- **Problem statement**
From the records below, please print only the lines from the one containing "Blå Skoda Octavia" through the one containing "Hardwood flooring showing", both included. Skip the pictures.

[Input data Boundary: Start]

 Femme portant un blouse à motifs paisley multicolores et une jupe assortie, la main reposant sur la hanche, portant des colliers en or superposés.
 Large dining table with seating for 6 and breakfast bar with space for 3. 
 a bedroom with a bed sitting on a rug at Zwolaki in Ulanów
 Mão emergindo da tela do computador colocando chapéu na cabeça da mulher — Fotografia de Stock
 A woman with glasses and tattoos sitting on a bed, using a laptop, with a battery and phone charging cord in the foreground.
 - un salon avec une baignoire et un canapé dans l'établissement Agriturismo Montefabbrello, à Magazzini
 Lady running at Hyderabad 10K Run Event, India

[Input data Boundary: End]
[Input data Boundary: Start]

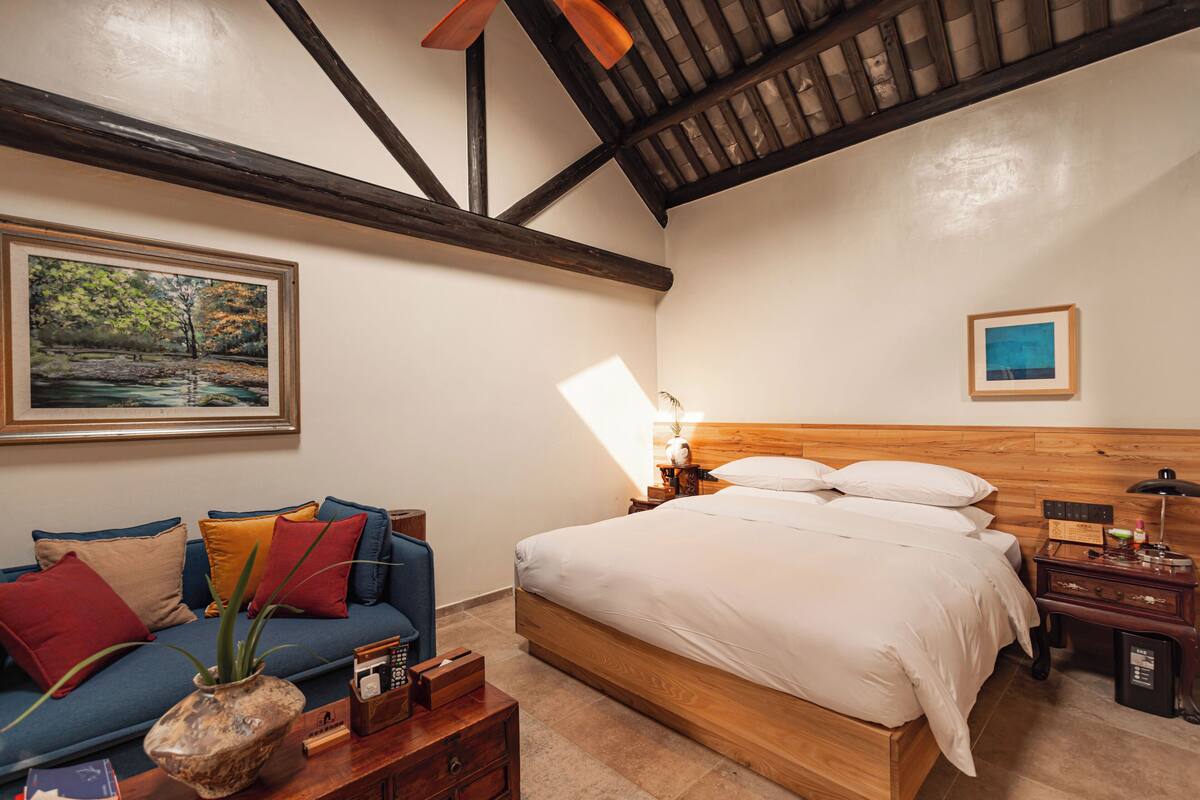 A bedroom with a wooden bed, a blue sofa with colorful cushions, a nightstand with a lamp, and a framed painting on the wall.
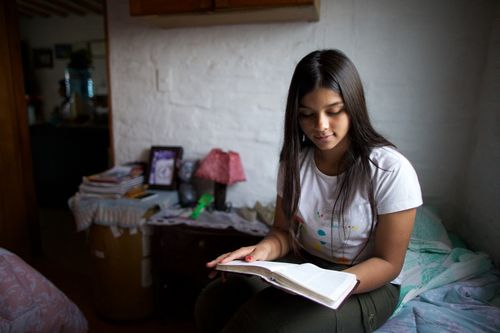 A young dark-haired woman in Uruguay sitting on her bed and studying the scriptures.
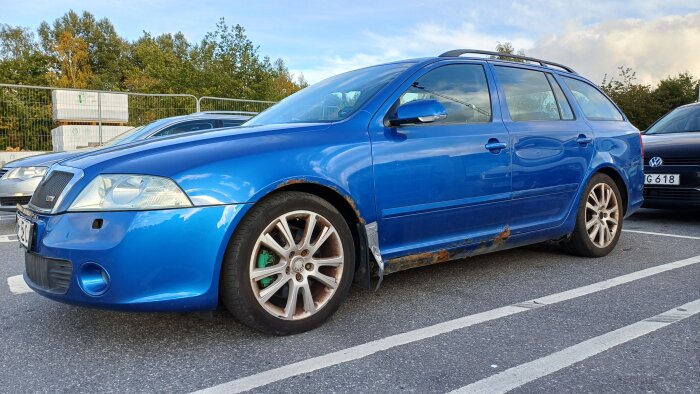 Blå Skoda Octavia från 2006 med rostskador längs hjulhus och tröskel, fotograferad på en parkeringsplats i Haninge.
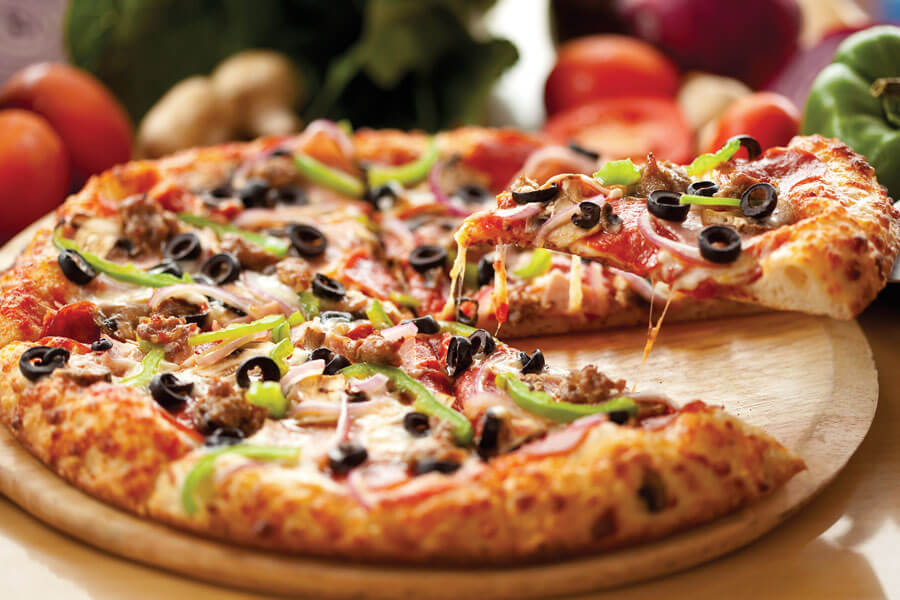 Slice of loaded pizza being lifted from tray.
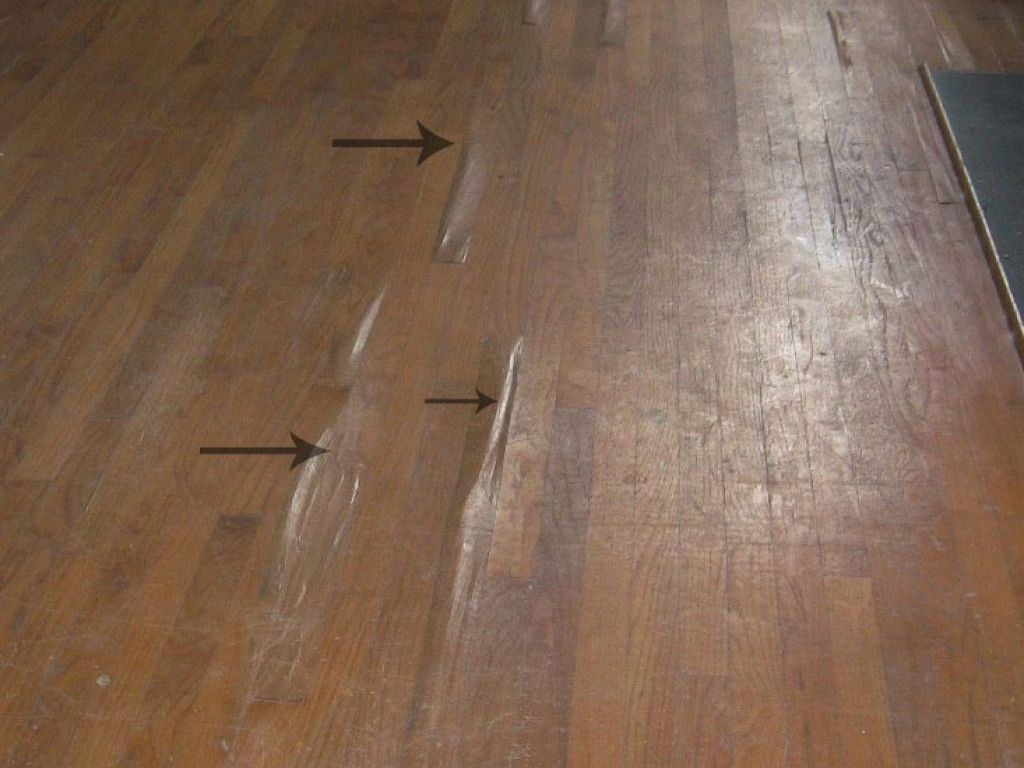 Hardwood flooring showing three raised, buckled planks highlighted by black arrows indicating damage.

[Input data Boundary: End]
[Input data Boundary: Start]

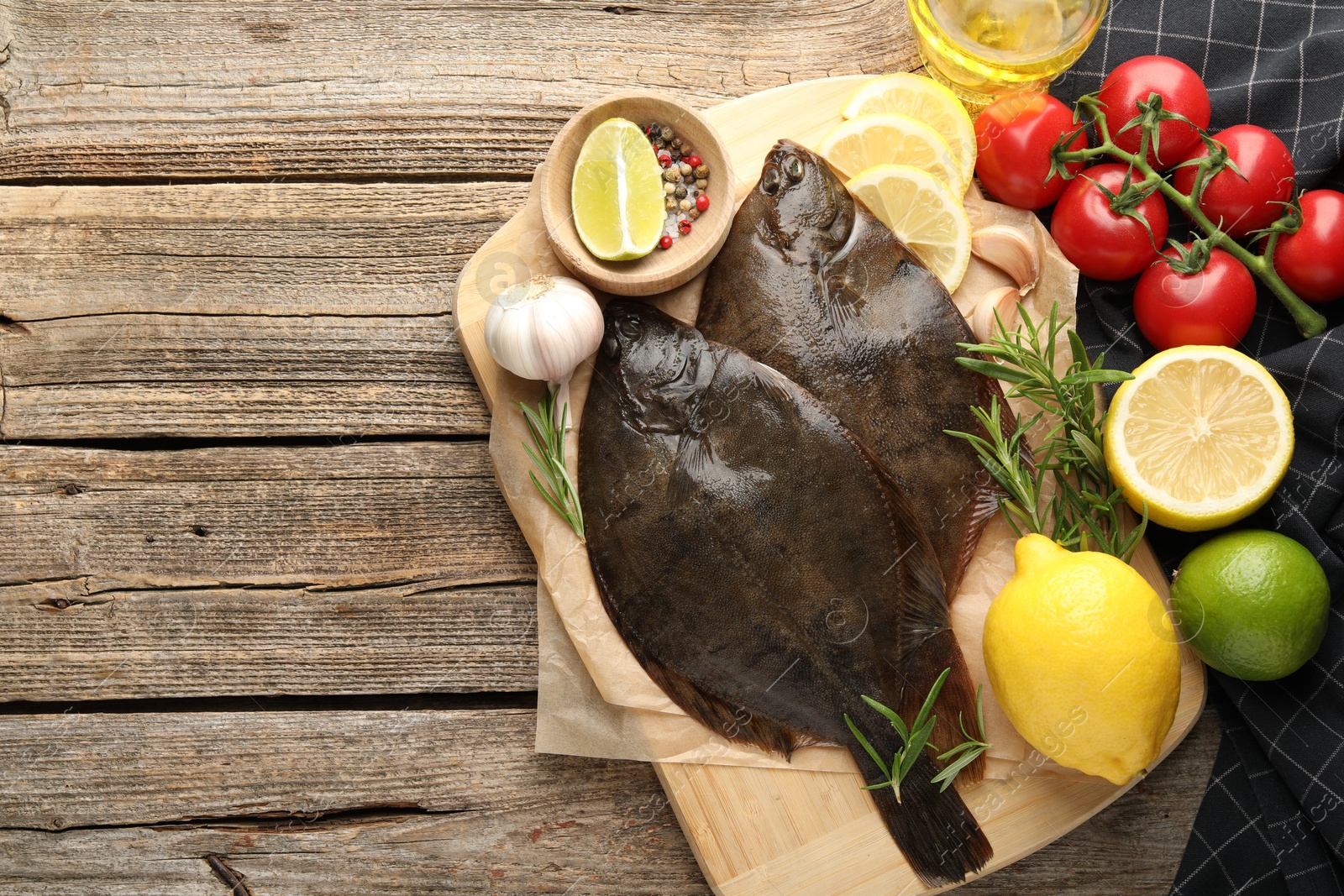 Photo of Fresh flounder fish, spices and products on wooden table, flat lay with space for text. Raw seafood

[Input data Boundary: End]

- **Solution to this problem**
 Blå Skoda Octavia från 2006 med rostskador längs hjulhus och tröskel, fotograferad på en parkeringsplats i Haninge.
 Slice of loaded pizza being lifted from tray.
 Hardwood flooring showing three raised, buckled planks highlighted by black arrows indicating damage.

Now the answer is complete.